For each image, the image processing module: [0025] (a) generates a
scan of the image comprising a 3D point cloud corresponding to the
scene and objects; [0026] (b) determines a location of at least one
target object in the scene by comparing the scan to an initial 3D
reference model and extracts a 3D point cloud of the target object
from the scan; [0027] (c) resizes and reshapes the initial 3D
reference model to correspond to dimensions of the extracted 3D
point cloud to generate an updated 3D reference model; and [0028]
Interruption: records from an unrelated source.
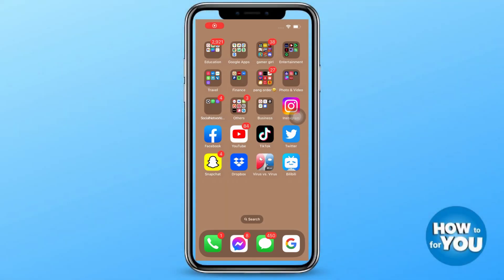Hello everyone! For today's video, I will be teaching you how to create a public profile on Snapchat.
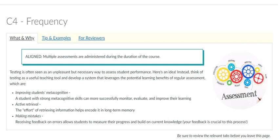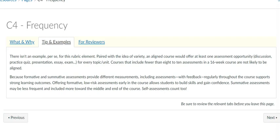When assessing the course for frequency, start by looking for low-risk assessments early in the course, such as discussions, quizzes, or shorter written assignments. While the number of assignments will vary depending on the subject, as a rule of thumb, a 16-week course should have at least 12 assignments.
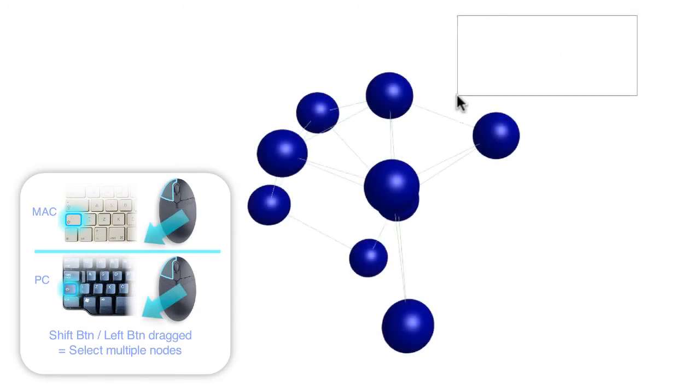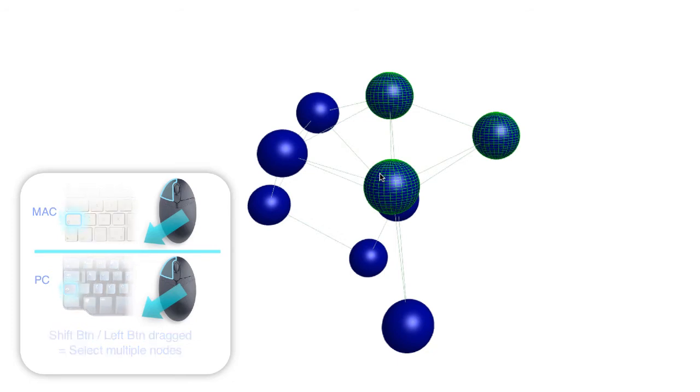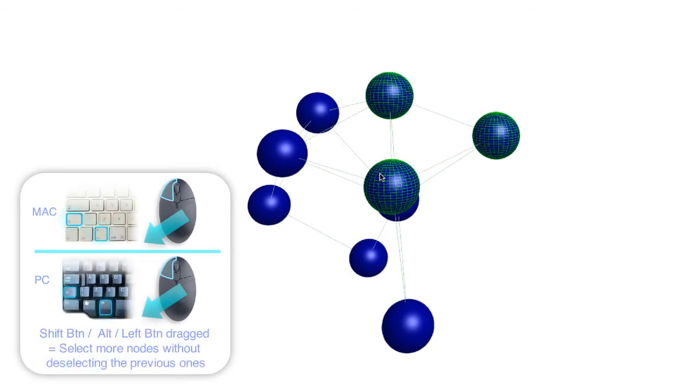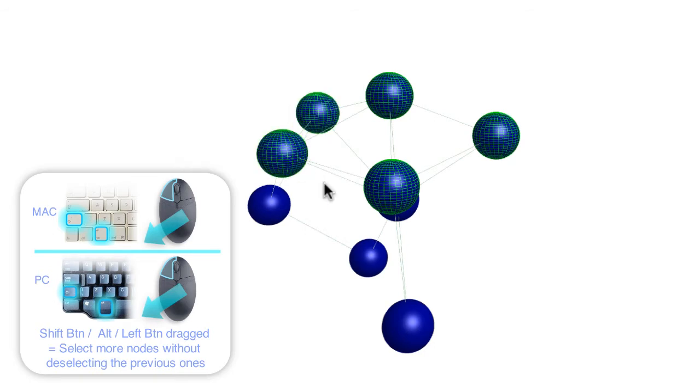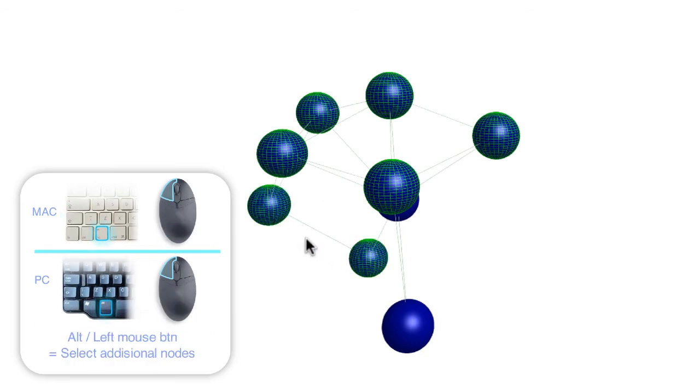Holding down the shift button on the keyboard whilst dragging the mouse with the left button pressed down, you can select multiple nodes. Holding down both the shift and alt keys whilst dragging with the left button pressed down allows you to select more nodes without deselecting the previous ones. In addition, nodes can be selected by pressing the alt button and clicking on additional nodes you wish to select.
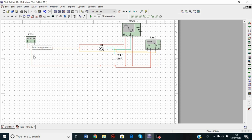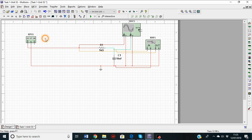To connect things in Multisim, click on the pin of one component, drag it to the next point, and click again. We need the ground connected to ground, positive connected to the input of the 1k resistor, and the 10 nanofarad capacitor connected appropriately. After you build the circuit, add an oscilloscope and a Bode plotter — you need an oscilloscope to display the input and output signals.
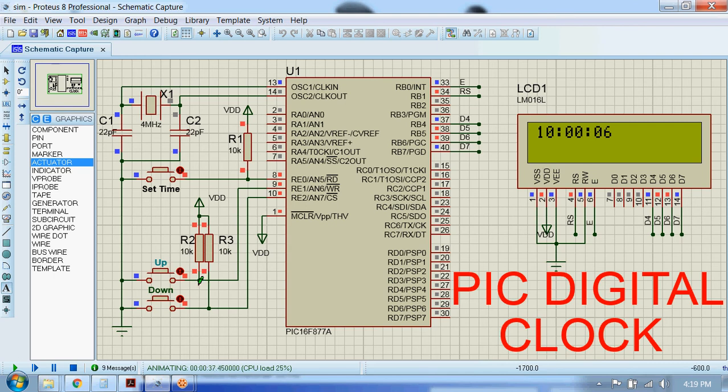Now since the number of minutes is 50, we better use this down button because it will be quicker.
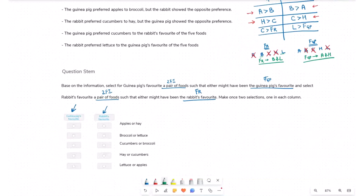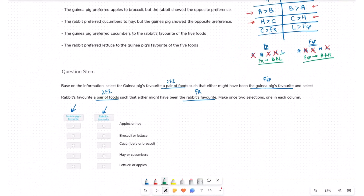With this understanding, let's evaluate the answers. The guinea pig's favorite food is one of A or H — apples or hay — so that is the correct answer for that column. The rabbit's favorite food is one of B or L — broccoli or lettuce — so those are the correct answers. Hope this is helpful — happy learning!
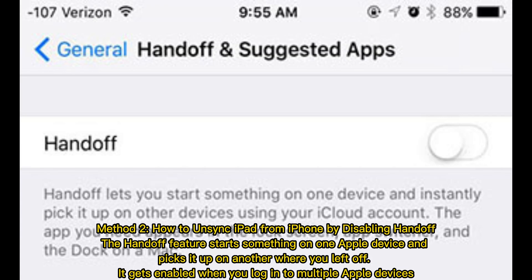Method 2: How to unsync iPad from iPhone by disabling Handoff. The Handoff feature starts something on one Apple device and picks it up on another where you left off. It gets enabled when you log in to multiple Apple devices.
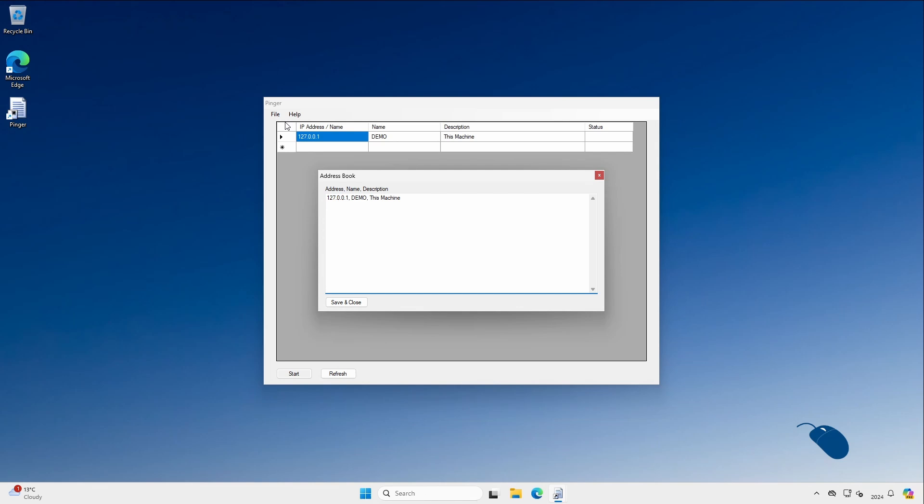To add a device you start a new line and enter the IP address of the machine that you want to ping, followed by a name and a description, separated by commas. The name doesn't need to match the host name of the device, it's simply a name for you to be able to identify the machine that's being pinged. So I'll quickly add some more devices and then I'll click on save and close.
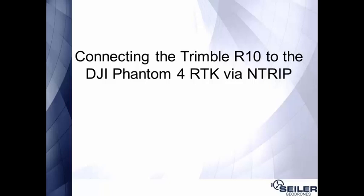Hi, I'm Travis Lemoyne with Siler Geodrones. We've had quite a few requests for a workflow to use a Trimble R10 GNSS receiver and a DJI Phantom 4 RTK. We've done some testing with great results, so in this video we're going to show you how to make those connections happen.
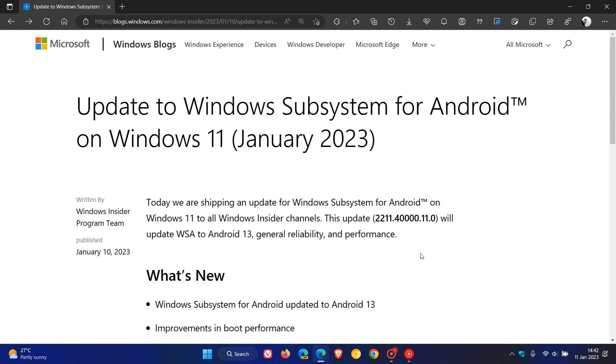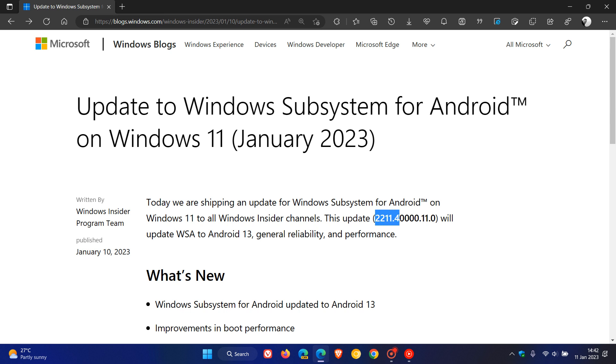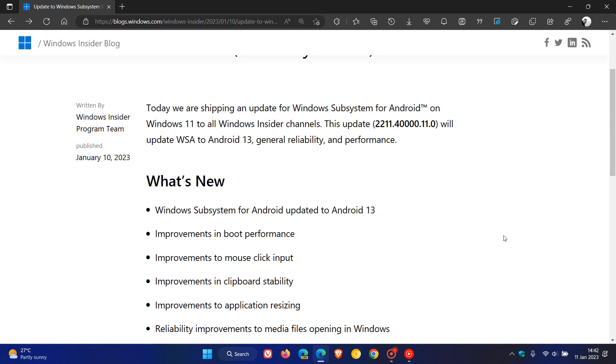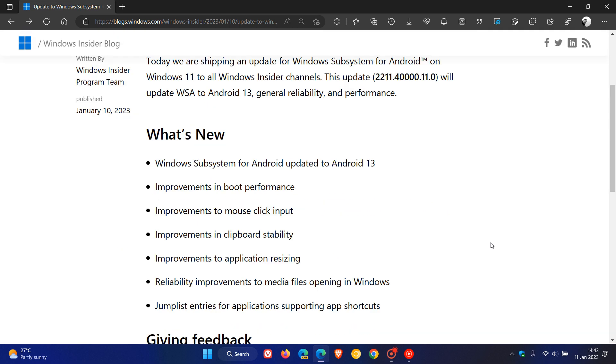The big one here is being updated, as mentioned, from Android 12 to Android 13 now for all insiders. And the version now is 2211.40000.11.0. It's only a point release from .07 to .11, but nonetheless does bring a couple of improvements. Now, the big one, Android 13, as mentioned.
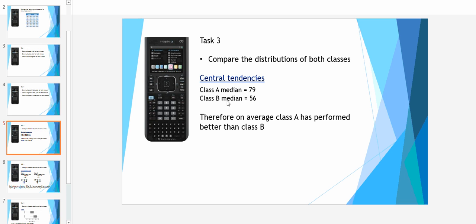Either as I've done here, write a summary or within the statement say that class A in brackets a median of 79 has performed better than class B in brackets a median of 56.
(d) determines whether the updated 3D reference model matches the
target object.
[0029] If the updated 3D reference model does not match the target
object, the image processing module performs steps (b)-(d) using
the updated 3D reference model as the initial 3D reference
model.
[0030] The invention, in another aspect, features a system for
recognizing a physical object in a scene. The system includes a
computing device executing an image processing module configured to
receive a plurality of images captured by a sensor coupled to the
computing device, each image depicting a scene containing one or
more physical objects. For each image, the image processing module
is configured to: [0031] (a) generate a scan of the image
comprising a 3D point cloud corresponding to the scene and objects;
[0032] (b) determine a location of at least one target object in
the scene by comparing the scan to an initial 3D reference model
and extract a 3D point cloud of the target object from the scan;
[0033] (c) resize and reshape the initial 3D reference model to
correspond to dimensions of the extracted 3D point cloud to
generate an updated 3D reference model; and [0034] (d) determine
whether the updated 3D reference model matches the target
object.
[0035] If the updated 3D reference model does not match the target
object, the image processing module is configured to perform steps
(b)-(d) using the updated 3D reference model as the initial 3D
reference model.
[0036] The invention, in another aspect, features a computer
program product, tangibly embodied in a non-transitory computer
readable storage device, for recognizing a physical object in a
scene. The computer program product includes instructions operable
to cause a computing device executing an image processing module to
receive a plurality of images captured by a sensor coupled to the
computing device, each image depicting a scene containing one or
more physical objects. For each image, the computer program product
includes instructions operable to cause the image processing module
to: [0037] (a) generate a scan of the image comprising a 3D point
cloud corresponding to the scene and objects; [0038] (b) determine
a location of at least one target object in the scene by comparing
the scan to an initial 3D reference model and extract a 3D point
cloud of the target object from the scan; [0039] (c) resize and
reshape the initial 3D reference model to correspond to dimensions
of the extracted 3D point cloud to generate an updated 3D reference
model; and [0040] (d) determine whether the updated 3D reference
model matches the target object;
[0041] If the updated 3D reference model does not match the target
object, perform steps (b)-(d) using the updated 3D reference model
as the initial 3D reference model.
[0042] Any of the above aspects can include one or more of the
following features. In some embodiments, the initial 3D reference
model is determined by comparing a plurality of 3D reference models
to the scan and selecting one of the 3D reference models that most
closely matches the target object in the scan. In some embodiments,
determining whether the updated 3D reference model matches the
target object comprises determining whether an amount of
deformation of the updated 3D reference model is within a
predetermined tolerance. In some embodiments, the initial 3D
reference model is determined by using a first scan as the initial
model.
[0043] Other aspects and advantages of the invention will become
apparent from the following detailed description, taken in
conjunction with the accompanying drawings, illustrating the
principles of the invention by way of example only.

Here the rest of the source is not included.